The Garden, Croatia

Love International can be slightly overwhelming. During its most intense moments, the wonderful swathes of colour, character and setting can be difficult to process.

However, the festival’s vivid peaks are what lends the sprawling, week-long event its magic. Certainly, what makes Love International such a rich experience is precisely this all-encompassing nature, paired with a broad and varied programme. From afternoons spent lying on a lilo in Tisno’s wooded outcrops to speedboat trips to remote islands whose idyllic surroundings provide the perfect antidote to the raves. And rest assured, the dance is very, very good, too.

This was the year that Love International branched out. Dub and Balearic-soaked sessions in the woods provided welcome, blissful early-morning vibrations, and the incredible outdoor Barbarella’s club boasted its most varied roster of selectors to date. The festival organisers were rewarded two-fold for their new, updated vision: the event completely sold out and the age range of the crowd was visibly broad. Having taken on the mantle from Garden Festival three years ago, 2018 represented a complete transition for Love International, which now stands as its own, separate entity – stronger than ever with a wider audience.

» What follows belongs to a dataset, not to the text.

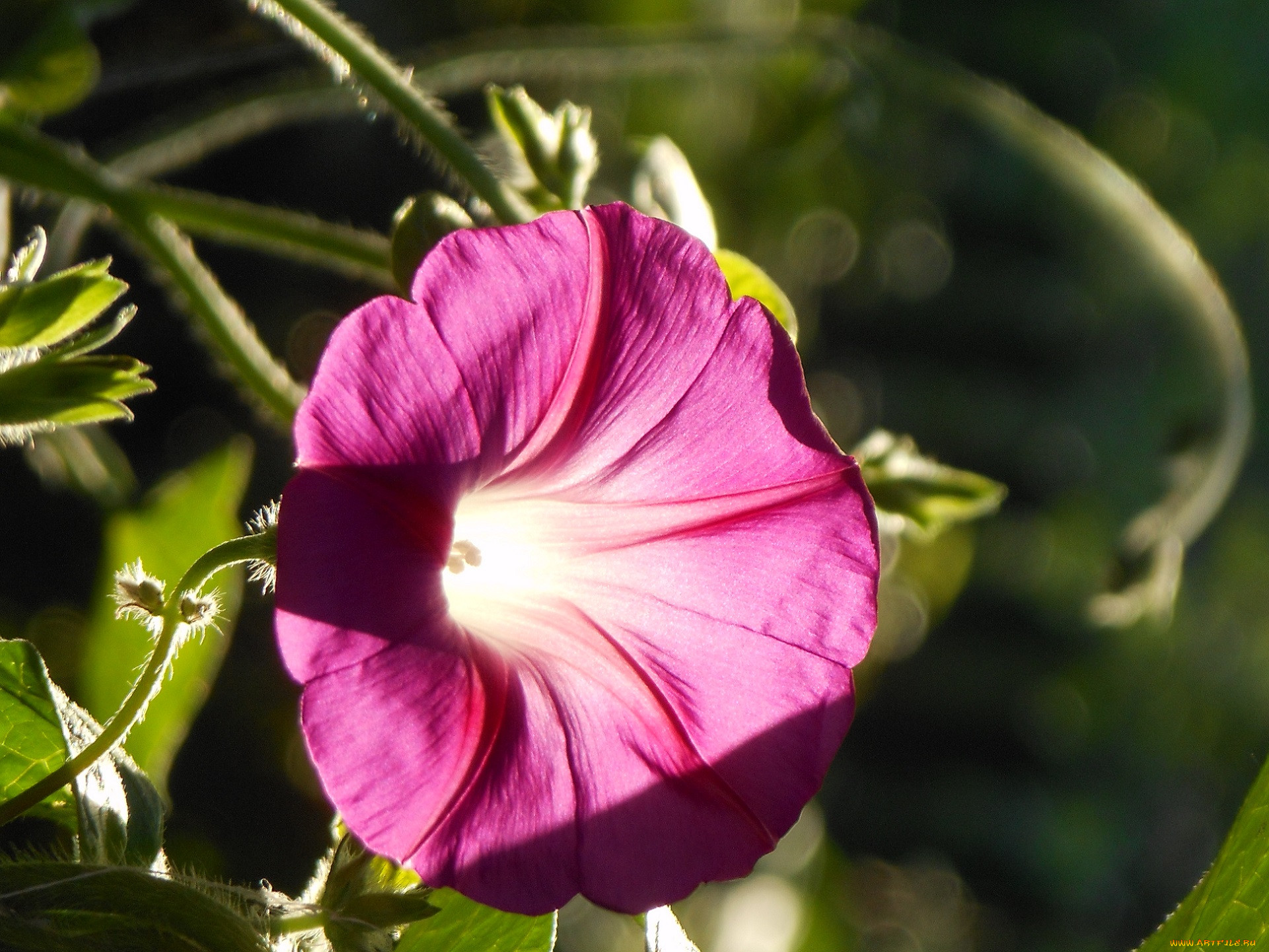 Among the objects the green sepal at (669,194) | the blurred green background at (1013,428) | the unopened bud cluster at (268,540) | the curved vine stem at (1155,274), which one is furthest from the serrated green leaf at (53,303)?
the blurred green background at (1013,428)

On the macro act level, one of the festival’s highlights was Joy Orbison pulsing out a set of inspired cross-genre madness that included wine-inducing dancehall, ragga and rag-out 140 BPM techno. Four Tet played the first grime track I’ve ever heard in Tisno, while Avalon Emerson and Call Super re-affirmed why they’re two of the most exciting DJs on the planet right now, providing mesmerising sets between tough-edged house and techno. Emerson was on particularly playful form later in the week, cranking up the levels of fun to the absolute maximum with Roi Perez aboard the annual Crack Magazine boat party. 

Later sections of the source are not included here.